One of the wisest men I have ever known is Jay Robinson. Jay, who passed away several years ago, was, when I first met him, superintendent of the Charlotte-Mecklenburg schools in North Carolina. (He later became vice president of the University of North Carolina.) I met him about the time the book mentioned above was published. Jay read it and here is what I recall him saying to me: “Phil, you are going to have to make up your mind whether you want to write books for people like me (by which he meant practicing school administrators and teachers) or for professors and graduate students. I read this book because I like you, but believe me I wouldn’t have gone beyond the preface if I had not known you. There is good stuff in that book, but I had to work too hard to find it.” (By the way, Jay is the person who introduced me to the work of Peter Drucker.)

            I started working with Jay in 1977 and I worked hard to meet his standards. I knew I was getting someplace when, in the early 1980s, I was invited to testify before the education committee of the Tennessee legislature. After I testified, one of the committee members gave me a ride back to the airport. On the way back I recall him saying, “Son, you sure can get the hay down to the ponies.” Obviously, he was pretty good at getting the hay down to the ponies himself. In one brief and pithy statement he both summarized the problem presented by the curse of knowledge I referred to earlier and suggested a solution as well. Those who have knowledge must seek the core of what they know and what they want to communicate and they must state what they know in terms that are familiar to their audience. (By the time we took our ride, the legislator was aware that I was born and raised in the country and knew something about horses, ponies, and haylofts.) 

            Stating a complex notion in simple ways is, according to the Heaths, one of the first steps in making ideas stick. To do this, one must get to the core of the idea and strip away everything but that core. In doing this, however, one must be careful not to strip so much away that the essence of the idea is lost. Moreover, the core idea should be stated in a way that invites others to later explore the subtleties, nuances, and additional insights that have been stripped away to make the idea more sticky.

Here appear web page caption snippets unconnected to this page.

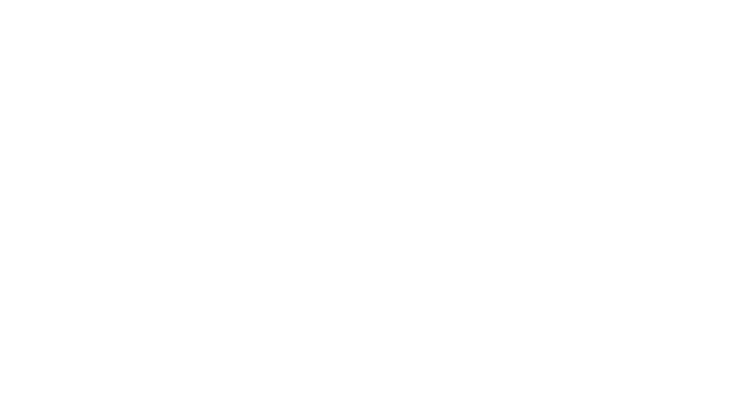 Logo of Capacity Europe in white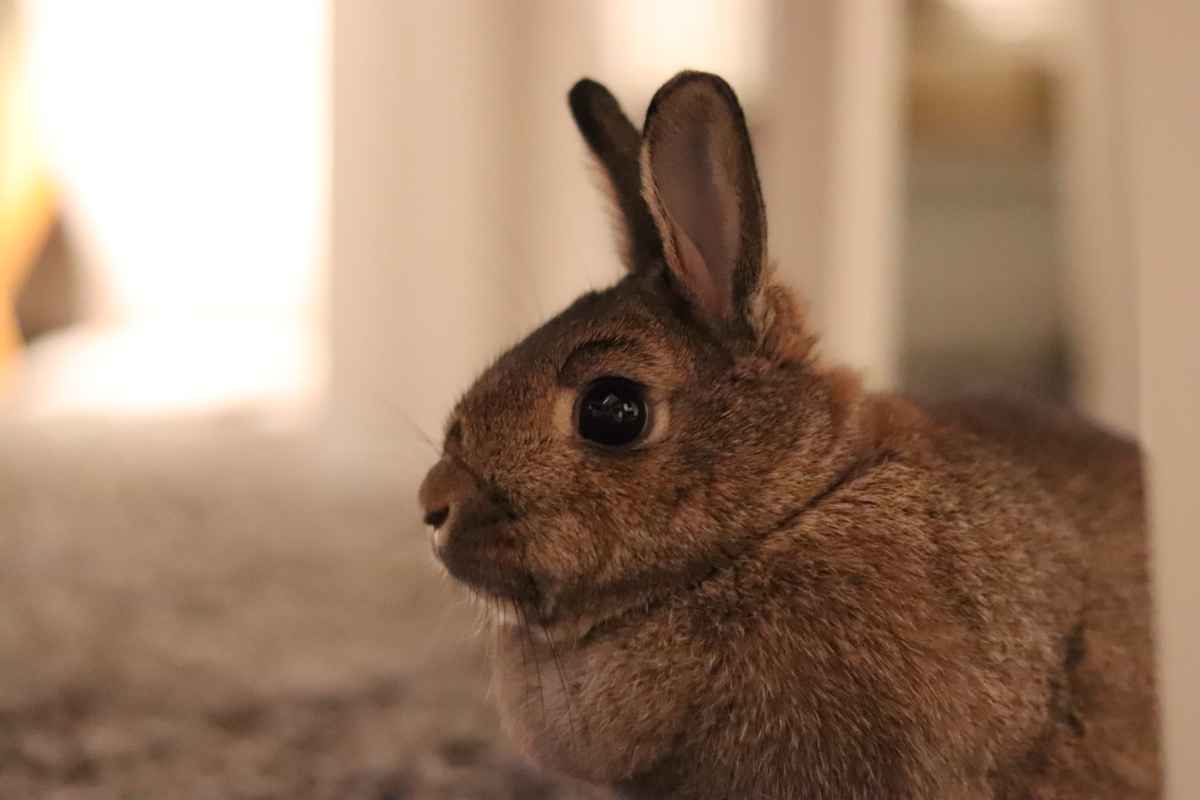 Kaninchen im Wohnzimmer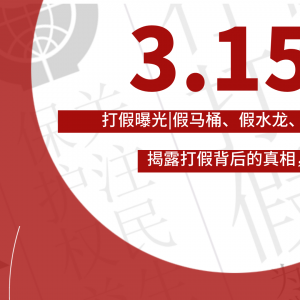 重拳出击！315打假曝光|假马桶、假水龙、假冒！揭露打假背后的真相，触目惊心...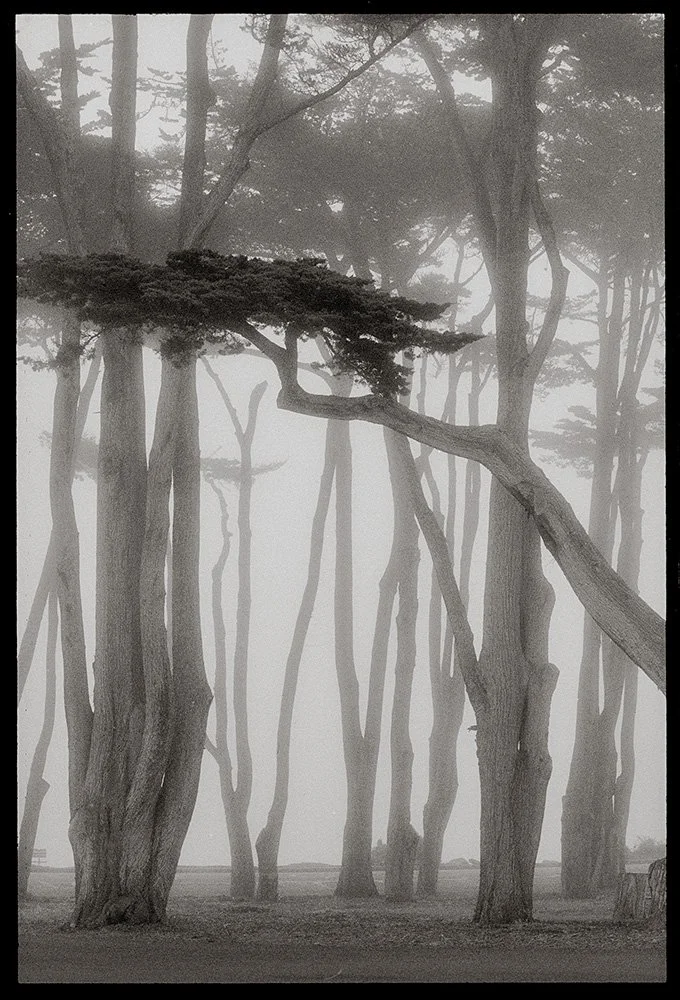 Bill Helsel,
Monterey Cypress in Fog, Pacific Grove,
Gelatin silver print from infrared film negative, 11 × 14 inches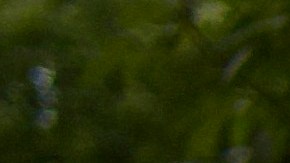 Familias de los 43 estudiantes de Ayotzinapa acusan a AMLO de encubrir la verdad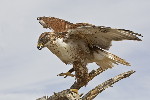 Thumbnail of IMG_hyla.jpg
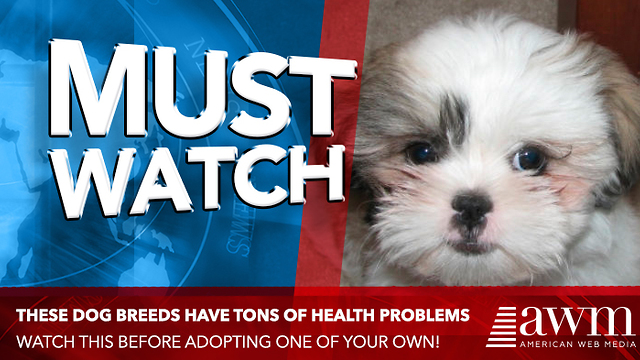 Veterinarians Publish Critical Report Urging People To Stop Buying Certain Dog Breeds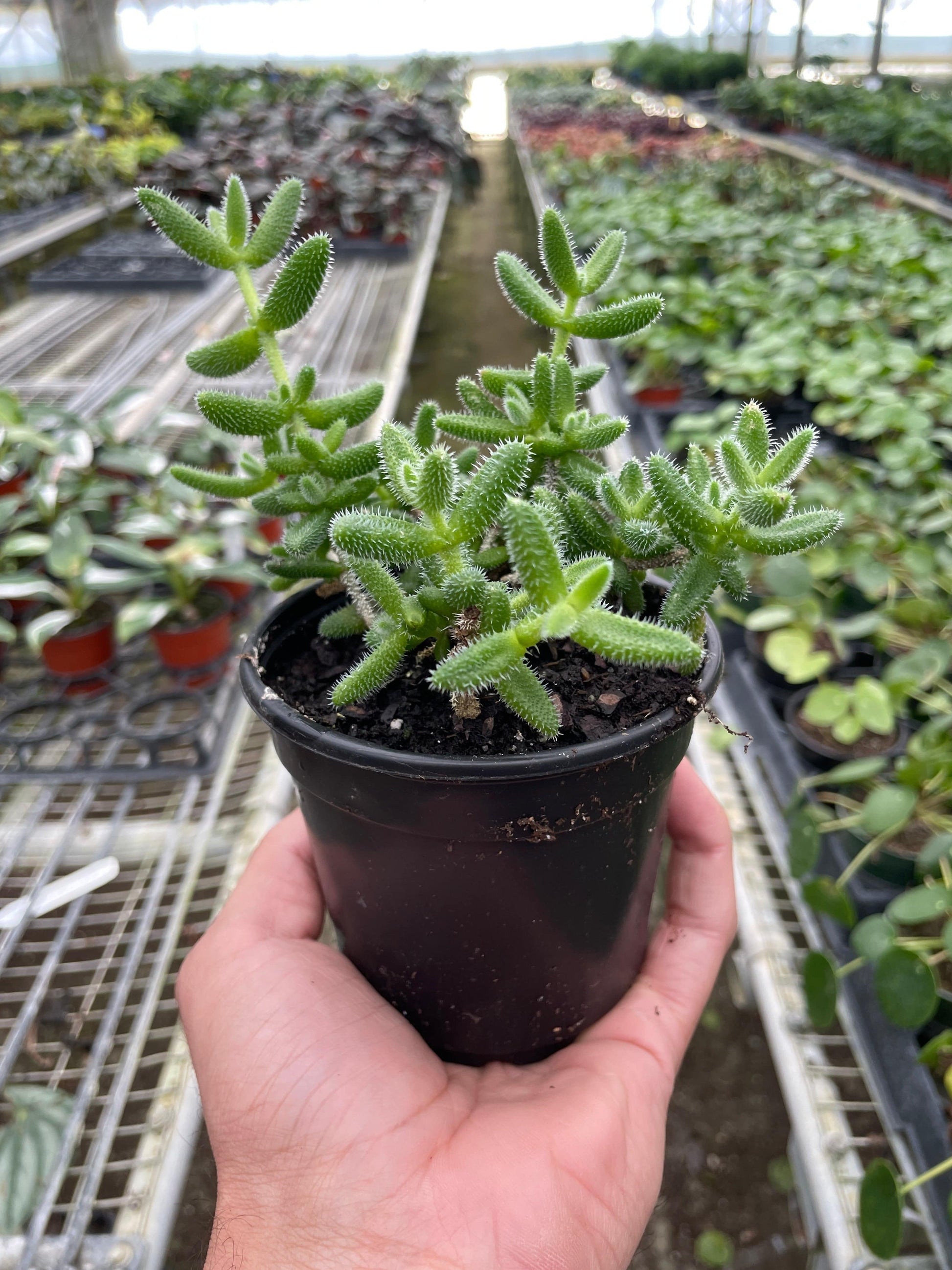 Delosperma echinatum 'Pickle Plant' - Plantonio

            Here I am reminded of the maxim that anyone who wants to present a complex notion to an audience that is not already familiar with the contours of the notion should have a 30-second message that states in clear and simple terms the core of the message he or she is trying to convey,  a 3-minute statement for those who find, as a result of the 30-second message, that they want to know more, and a 30-minute statement that expands and develops the core idea to a more sophisticated level-thus the simple idea of the 30-3-30 rule for conveying new ideas.